Scientists say there are fewer than 340 North Atlantic right whales left on the planet, and their migration pattern along the East Coast brings them in close contact with large ships and potentially deadly collisions.

Among other changes, the new regulations would do away with voluntary speed restrictions for boats, and put mandatory zones in place depending on where the whales are in their migration pattern.

In Massachusetts, the restrictions would be in place from Nov. 1 to May 30. Rep. Buddy Carter, a Georgia Republican, said he introduced a bill to block the new regulations over concerns about his state’s commercial fishing industry.

Gib Brogan, campaign director for the nonprofit conservation group Oceana, said the North Atlantic right whale species can’t afford to have any delay in implementing these changes.

“This is a species that is, in the words of the federal government, in steep decline,” Brogan said. “We need to do far more to protect these species, but as one of the lead scientists at the New England Aquarium said, this species will come back if we just stop killing them.”

There have been 13 documented right whale deaths from boat collisions in the past 15 years.
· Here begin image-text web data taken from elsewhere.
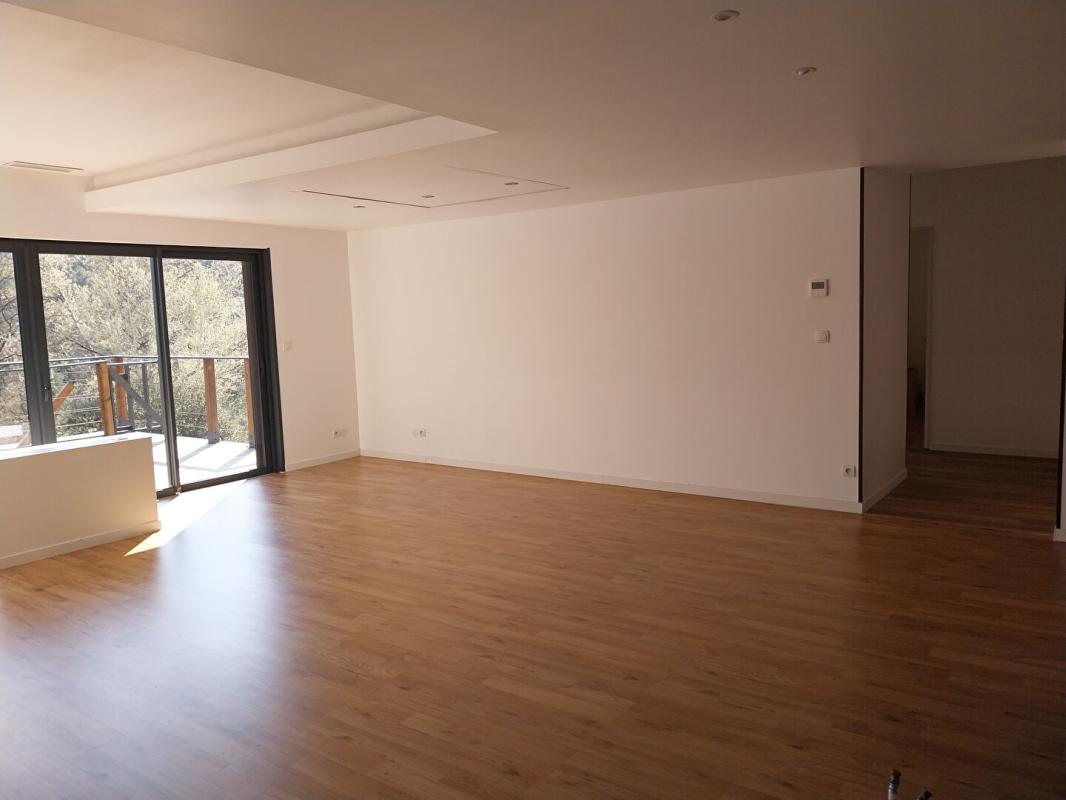 SALERNES Maison contemporaine ossature bois avec piscine 5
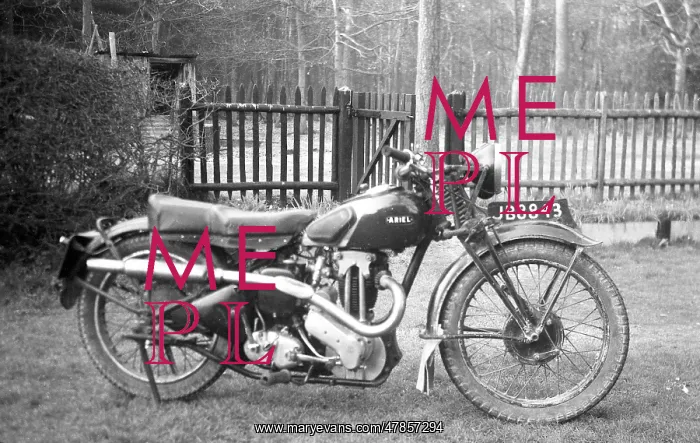 : Ariel 1938 Red Hunter 350cc motorcycle : Ariel 1938 Red Hunter 350cc motorcycle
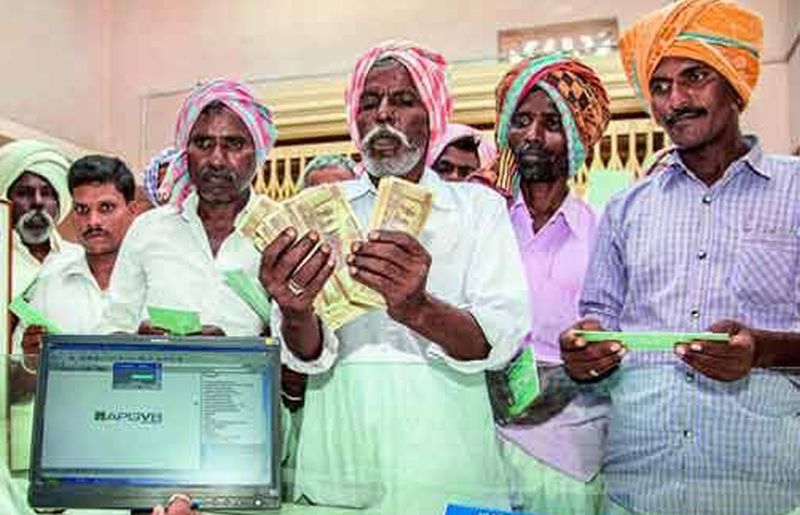 Only the 49 farmers who have borrowed from the lender get the benefit of loan waiver | सावकाराकडून कर्ज घेतलेल्या ४९ शेतकऱ्यांनाच कर्जमाफीचा लाभ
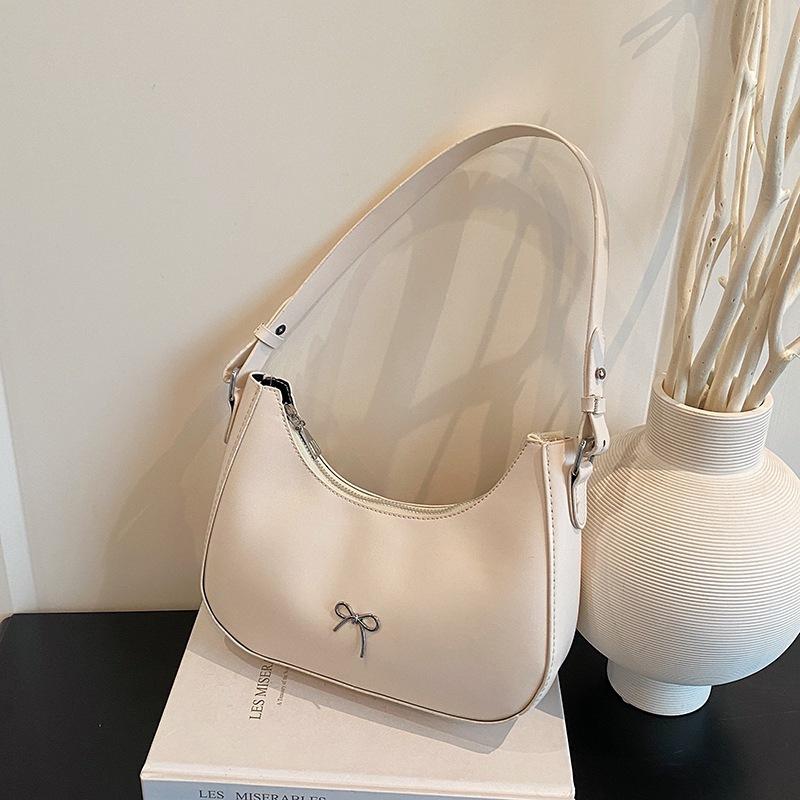 Summer new simple shoulder bag niche design fashion casual shoulder crescent bag tide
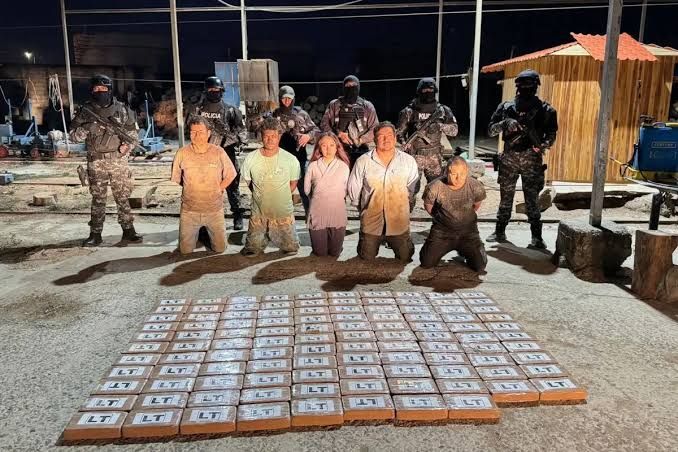 Operativo en Montecristi interrumpe red de narcotráfico con 127 kilos de cocaína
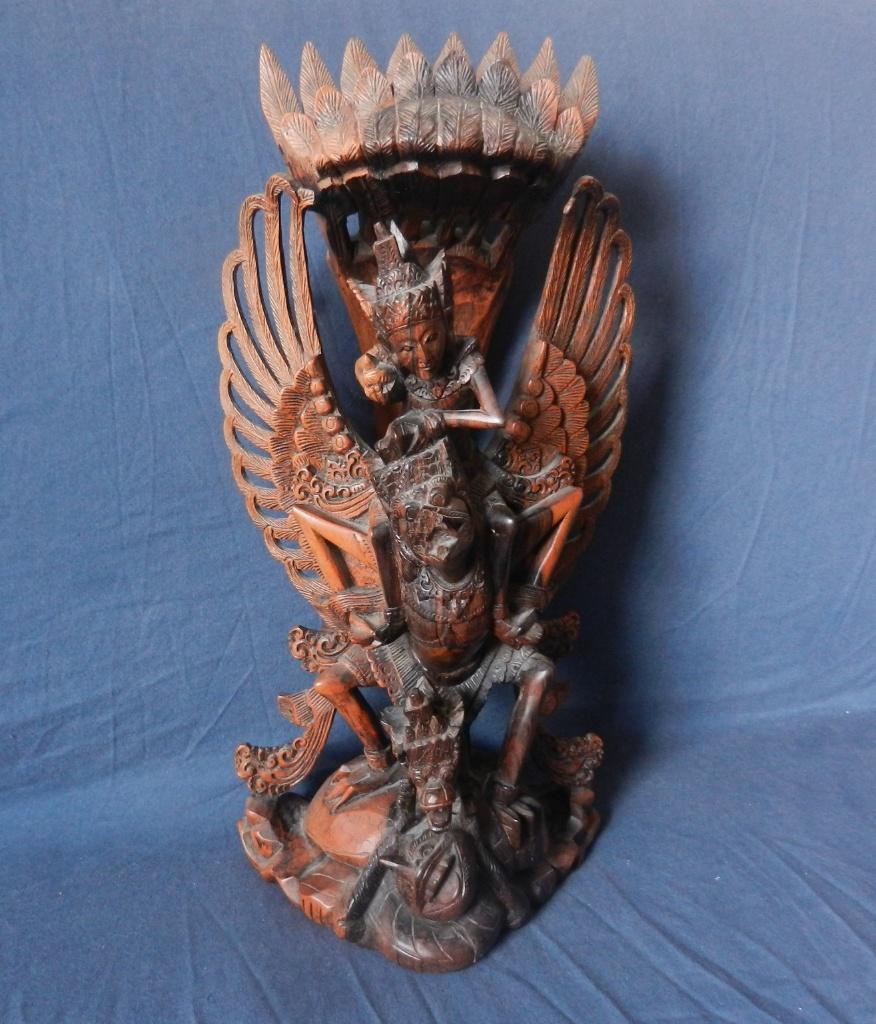Groot houten snijwerk Vishnu op Garuda Bali Indonesie h 40,4, Overige onderwerpen, Ophalen of Verzenden, Handgemaakt, 20 - 50 cm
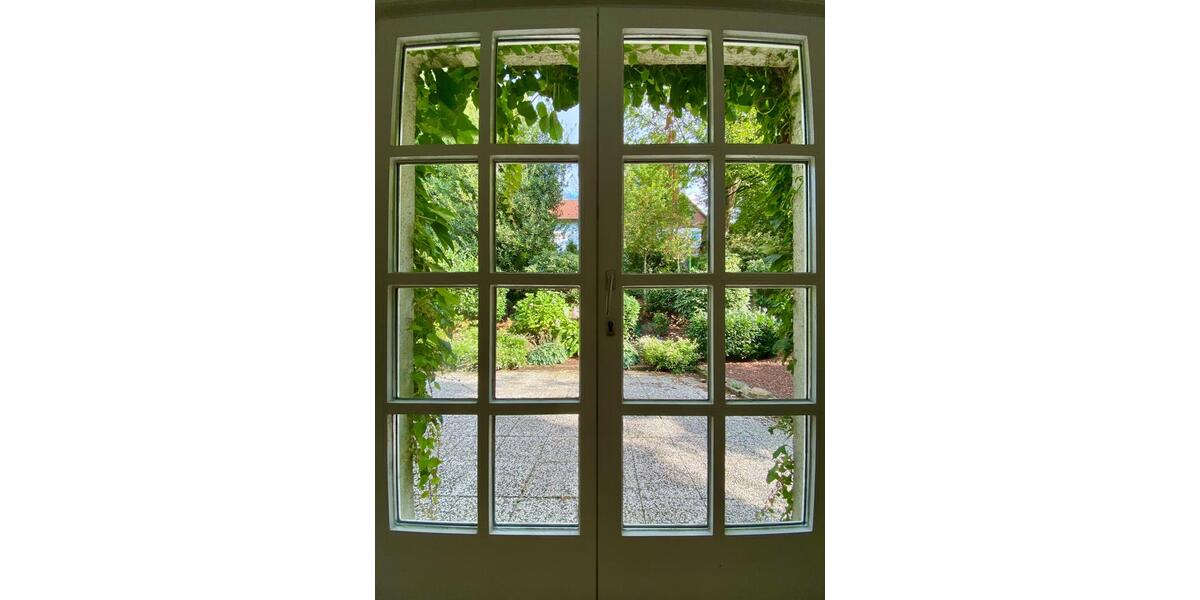 Einfamilienhaus mit 6 Zimmern, Kamin, Einbauküche, Sauna & Garage 6 zimmer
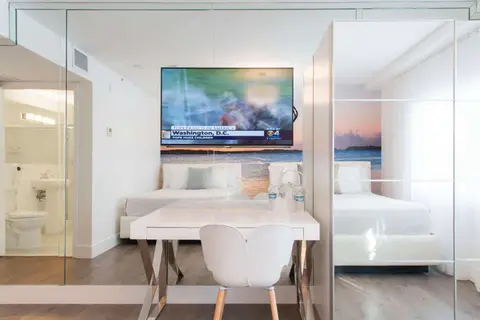 The President Hotel in Miami Beach — foto 10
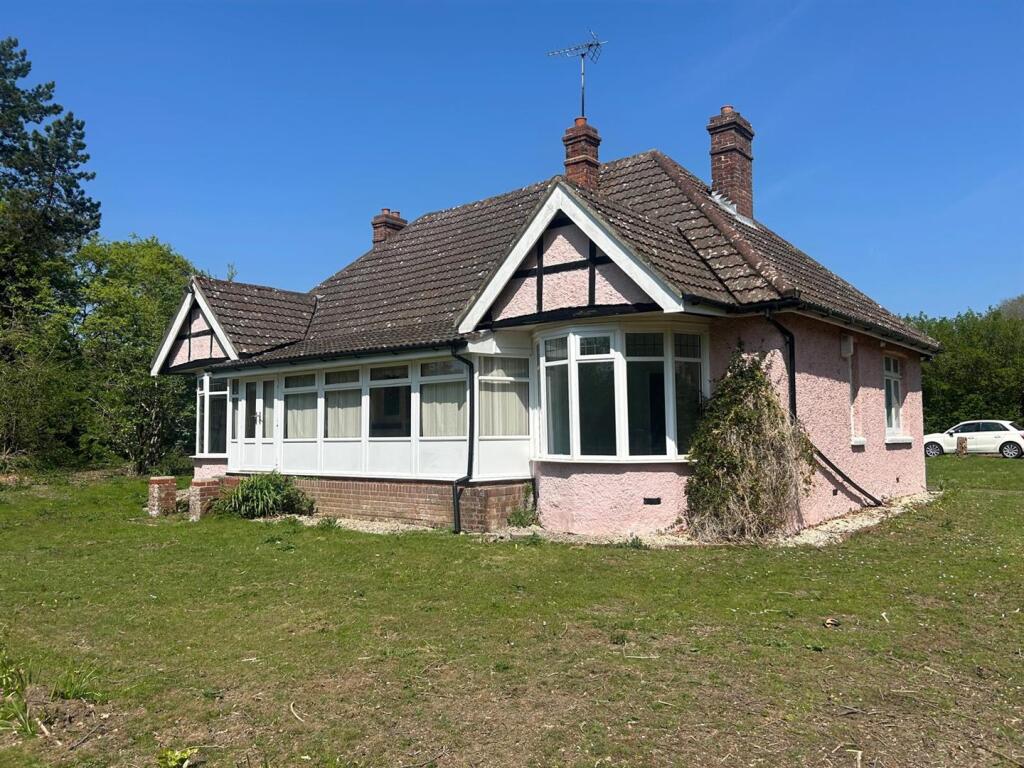 Main image of property: Ashford Road, Harrietsham, Maidstone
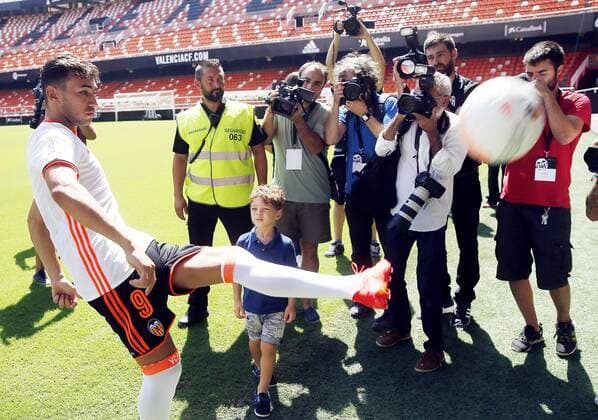 Spanish striker Munir El Haddadi poses during his presentation as new player of Valencia at Mestalla stadium in Valencia, eastern Spain, 07 September 2016. Munir arrives to the Spanish club on loan from FC Barcelona Barca with a purchase option. EFE Kai Foersterling MUNIR EL HADDADI, NEW PLAYER OF VALENCIA !ACHTUNG: NUR REDAKTIONELLE NUTZUNG!  V.05 20160907-636088551743789315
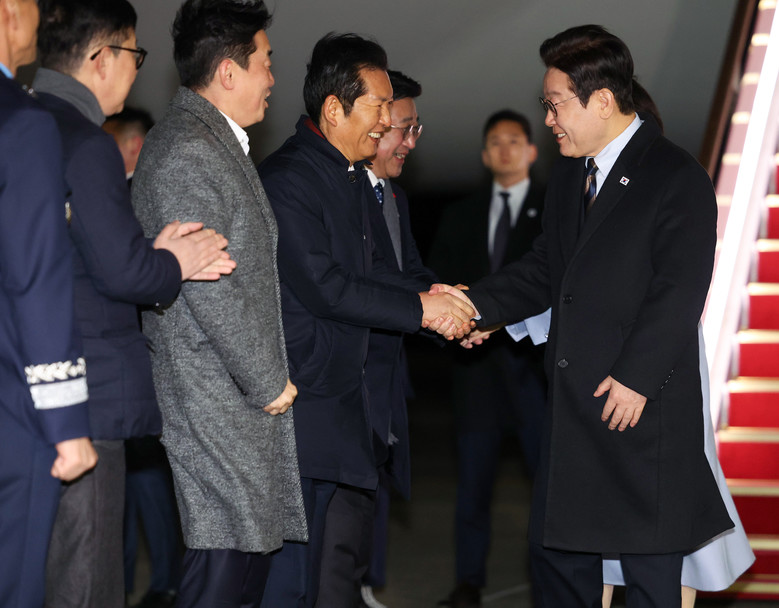 이재명 대통령, 서울 공항 도착"방중...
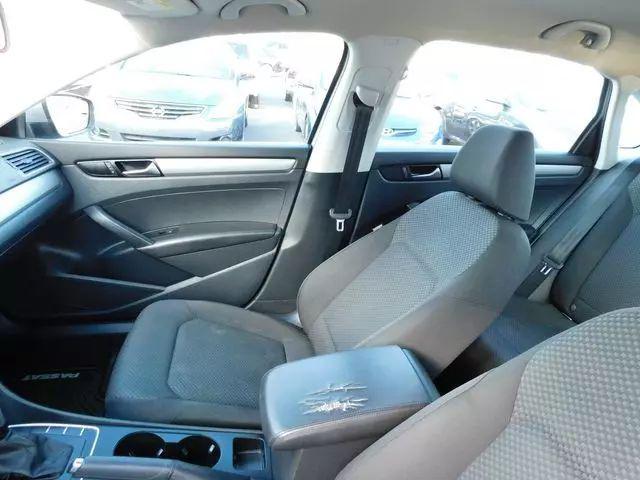 2014 Volkswagen Passat 1.8T S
Brogan said scientists have estimated if more than one whale is killed each year, the species will be in grave danger.

“If we don’t do enough, then the alternative is watching this species continue to slide towards extinction, and that’s an unacceptable outcome,” Brogan said.

Oceana’s research shows roughly 90% of large boats have failed to comply with the current voluntary speed zones.

Brogan hopes to see the regulations take effect by this fall, when mother whales will give birth off the coasts of South Carolina, Florida and Georgia.

“It was a strong proposal from the government,” Brogan said. “Of course, we have suggestions for other things that could be added, but what the government has proposed will significantly improve the safeguards that are on the water right now. We’re calling on the Biden administration to move forward and finalize these protections for the fall.”